++++ DATA FOR THIS TASK

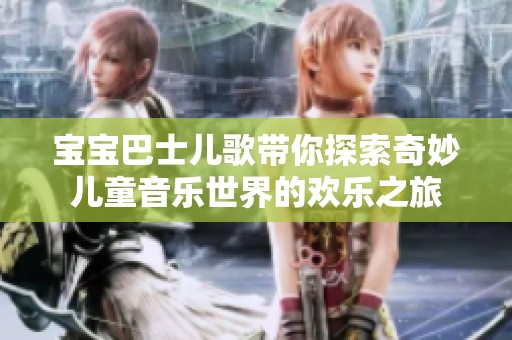 宝宝巴士儿歌带你探索奇妙儿童音乐世界的欢乐之旅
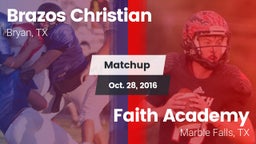 Matchup: Brazos Christian vs. Faith Academy  2016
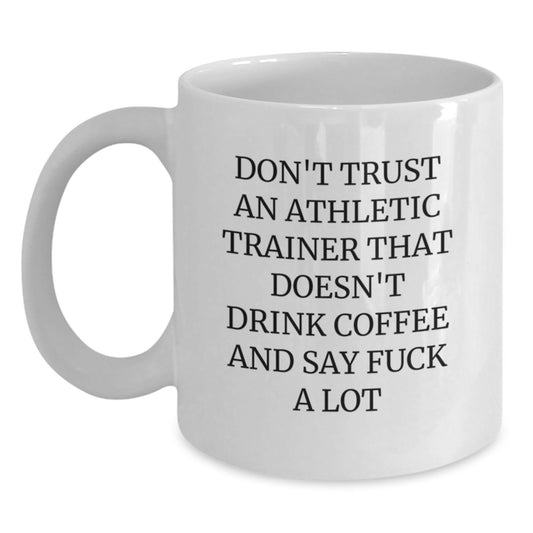 Funny Gifts from Friends for Athletic Trainers - White Coffee Mug, 'Don't Trust An Athletic Trainer That Doesn't Drink Coffee And Say F--k A Lot', Graduation Unique Gifts - Main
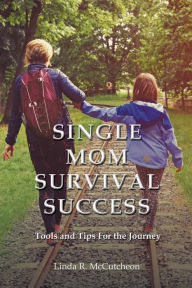 Title: Single Mom Survival Success: Tools and Tips For the Journey, Author: Philly Fusion Project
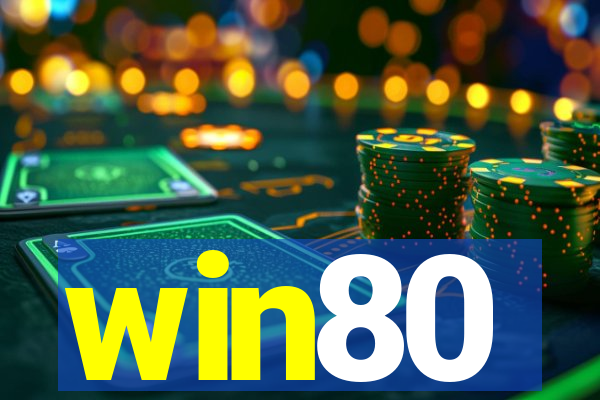 win80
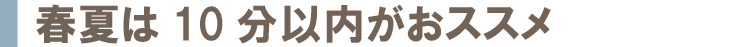 春夏は10分以内がおススメ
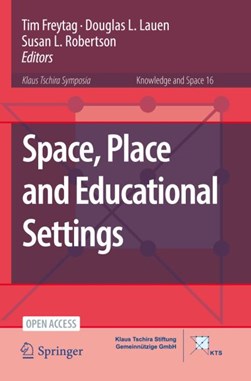 Space, Place and Educational Settings by Tim Freytag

++++++++

ASSIGNED TASK: Please write out the lines above exactly, from the one that contains "Title: Single Mom" through the final line, and include none of the pictures.

YOUR RESPONSE:
 Title: Single Mom Survival Success: Tools and Tips For the Journey, Author: Philly Fusion Project
 win80
 春夏は10分以内がおススメ
 Space, Place and Educational Settings by Tim Freytag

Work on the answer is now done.